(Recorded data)

+ + + + + + +

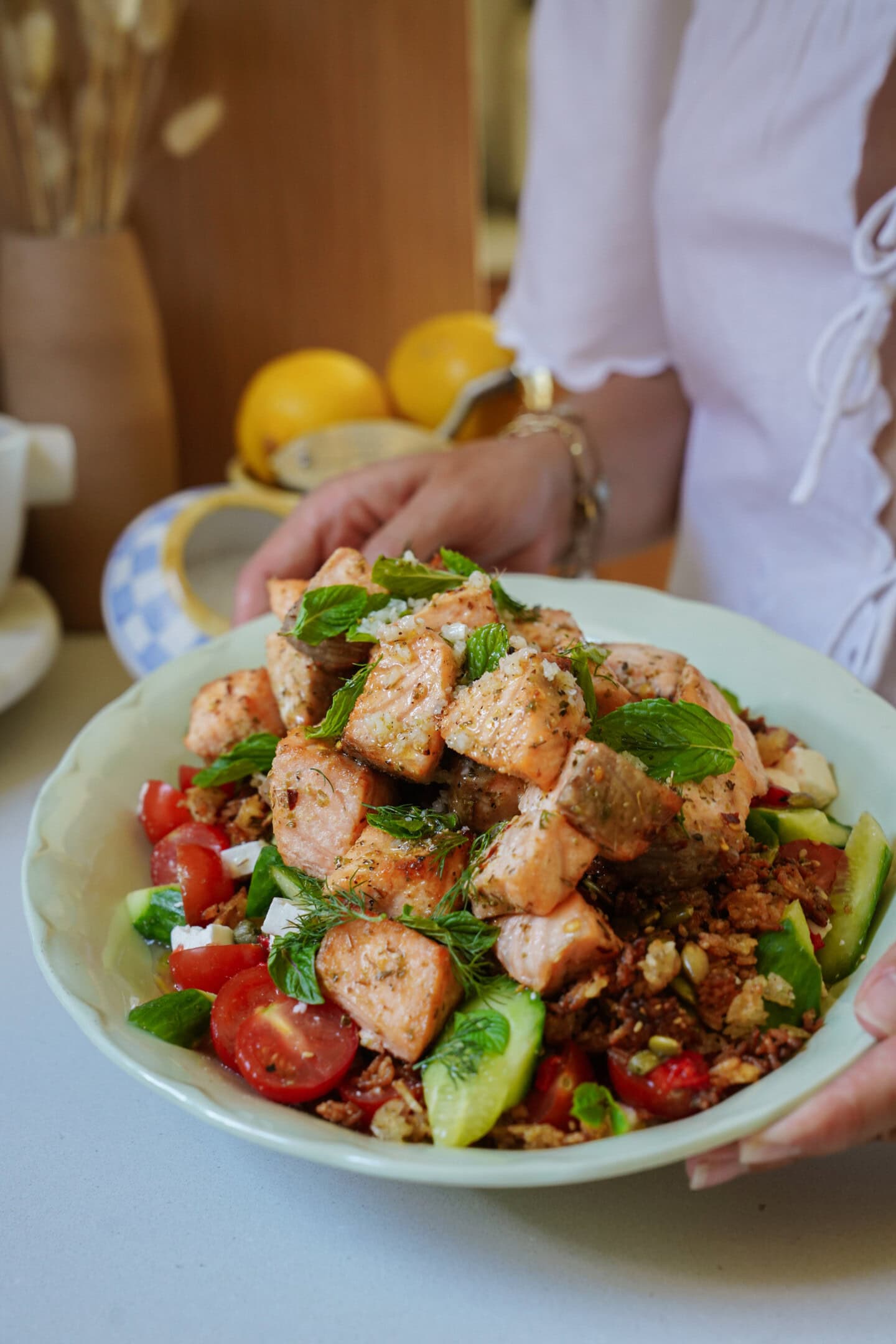 A person holding a bowl filled with a fresh salad topped with grilled salmon chunks, cherry tomatoes, cucumber slices, herbs, and feta cheese. Lemons and kitchen items are visible in the background.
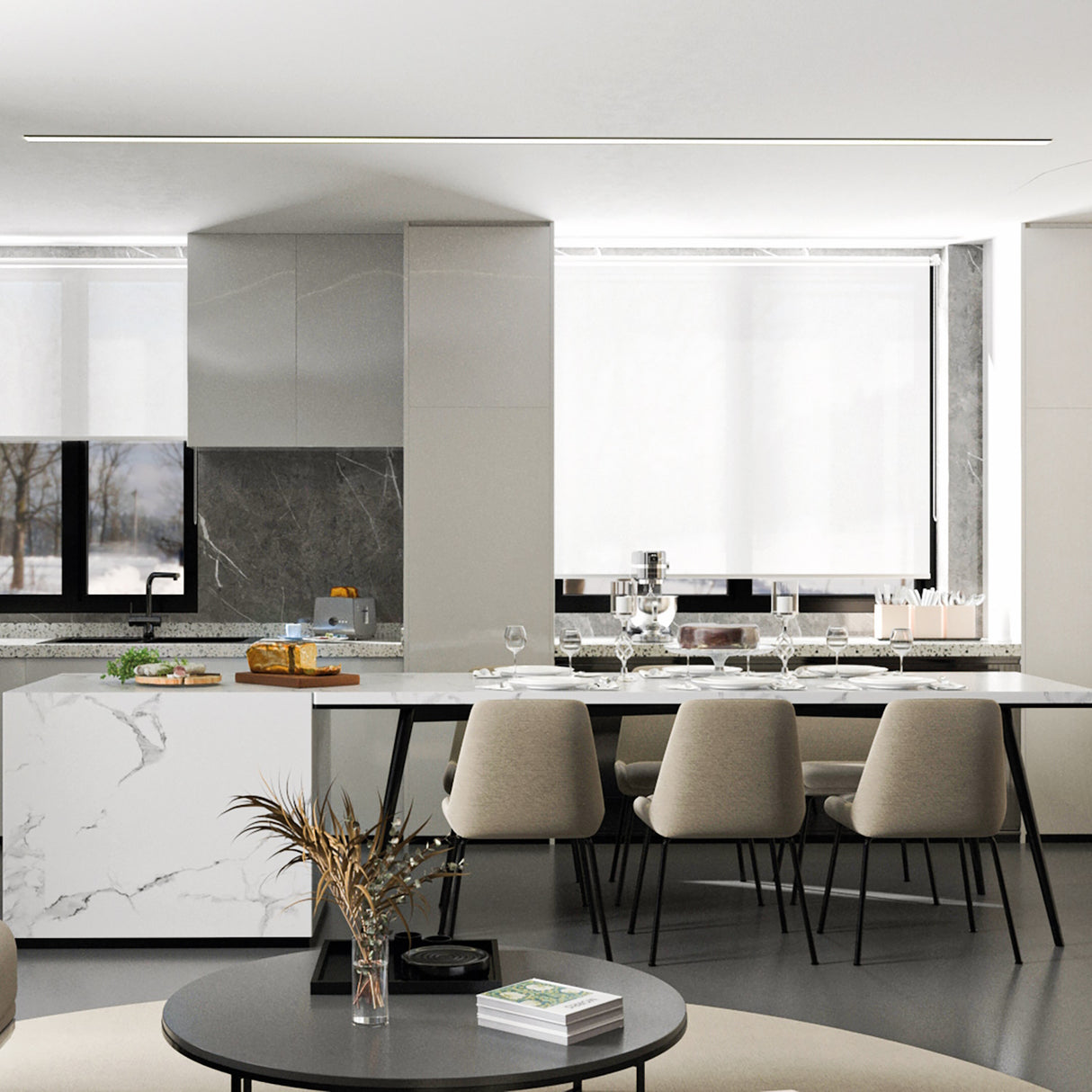 Modern kitchen features a marble island, beige chairs, set dining table with glassware, large windows with white blinds, and is brightly lit by Shallow Ceiling Recessed LED lighting Chanel Model Amara. A round coffee table holds dried flowers and books in the foreground.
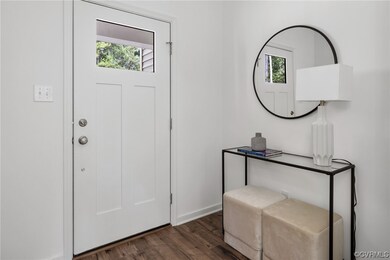Entrance foyer with dark hardwood flooring and ple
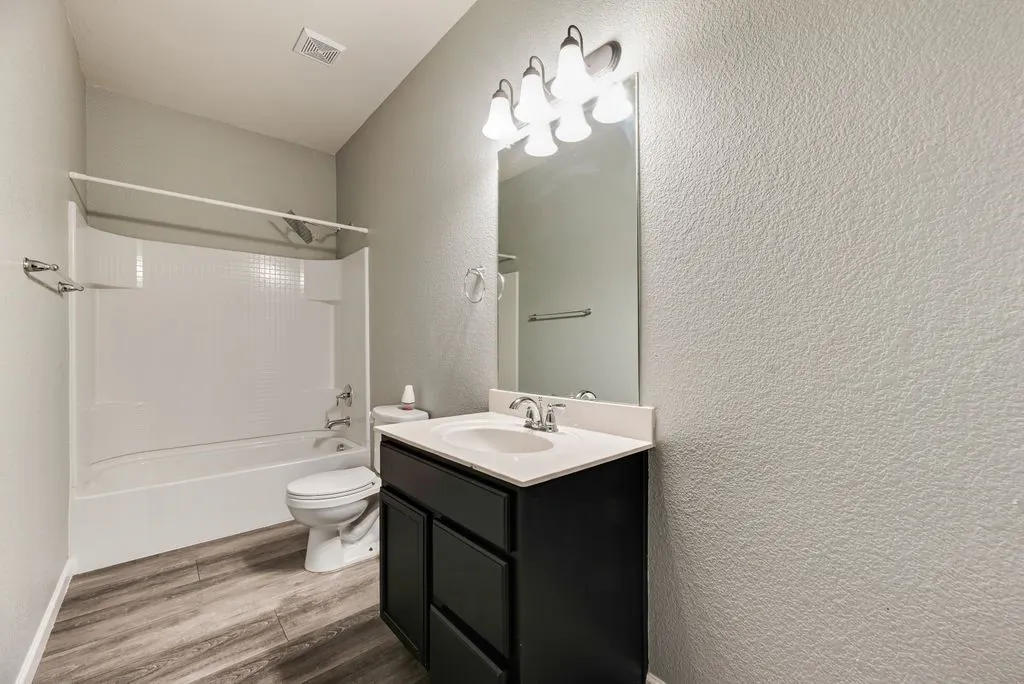 Modern bathroom featuring a black vanity with white rectangular sink and chrome fixtures, wood-finish flooring, large illuminated mirror with multi-bulb lighting, and a separate bathtub-shower combination with white subway tile surround and glass enclosure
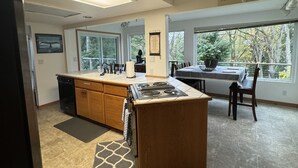 A spacious kitchen with a central island, a dining area with a table and chairs, and large windows offering a view of the outdoors. - Upper Level with a view close to Boeing (everett)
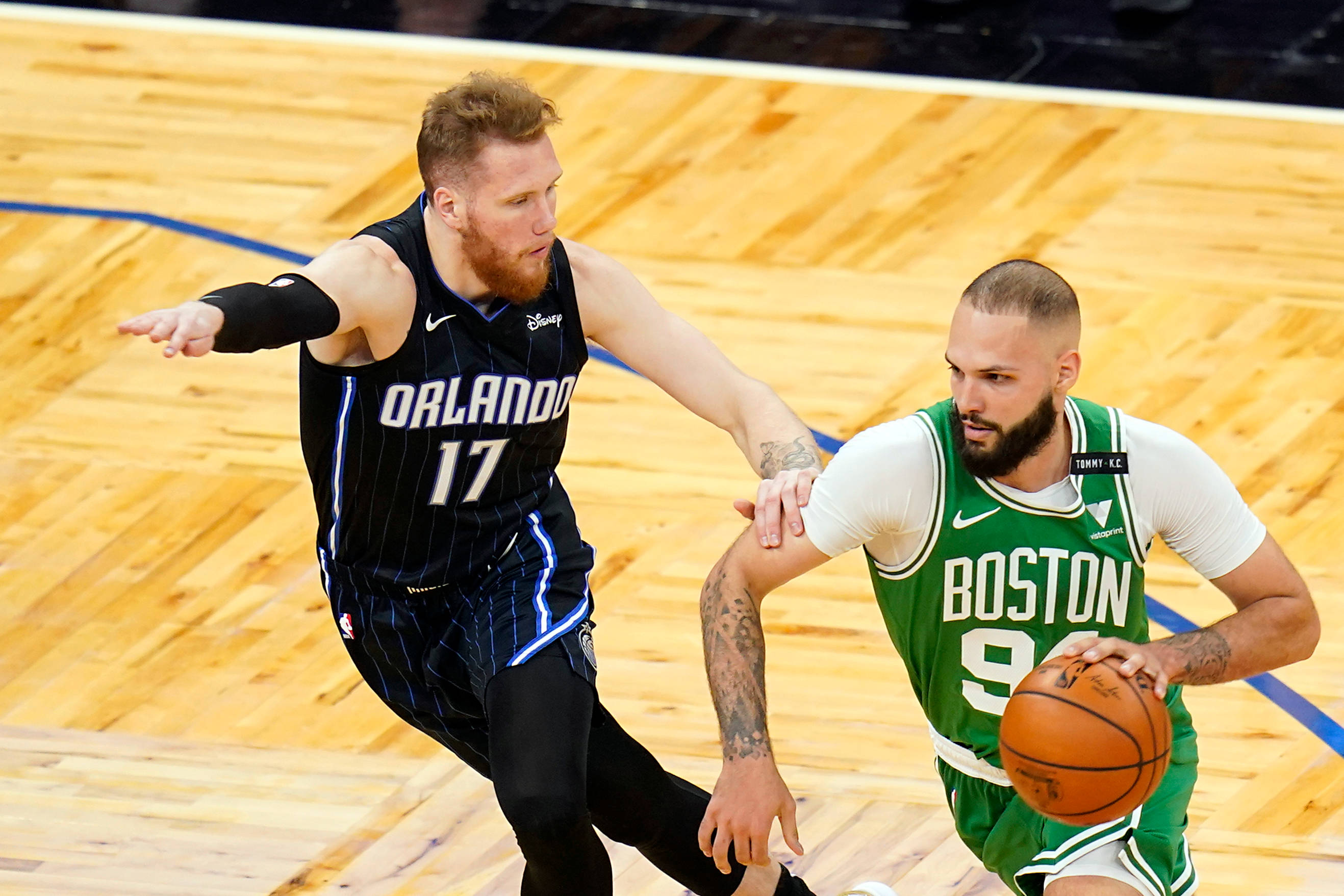 NBA 桌布 壁紙 — 兩名籃球運動員在拋光木地板上激烈競爭，一名身穿綠色球衣運球，另一名身穿黑色球衣積極防守。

+ + + + + + +

Work task:
Every record above must be printed exactly, except for its images.

Answer section:
 A person holding a bowl filled with a fresh salad topped with grilled salmon chunks, cherry tomatoes, cucumber slices, herbs, and feta cheese. Lemons and kitchen items are visible in the background.
 Modern kitchen features a marble island, beige chairs, set dining table with glassware, large windows with white blinds, and is brightly lit by Shallow Ceiling Recessed LED lighting Chanel Model Amara. A round coffee table holds dried flowers and books in the foreground.
Entrance foyer with dark hardwood flooring and ple
 Modern bathroom featuring a black vanity with white rectangular sink and chrome fixtures, wood-finish flooring, large illuminated mirror with multi-bulb lighting, and a separate bathtub-shower combination with white subway tile surround and glass enclosure
 A spacious kitchen with a central island, a dining area with a table and chairs, and large windows offering a view of the outdoors. - Upper Level with a view close to Boeing (everett)
 NBA 桌布 壁紙 — 兩名籃球運動員在拋光木地板上激烈競爭，一名身穿綠色球衣運球，另一名身穿黑色球衣積極防守。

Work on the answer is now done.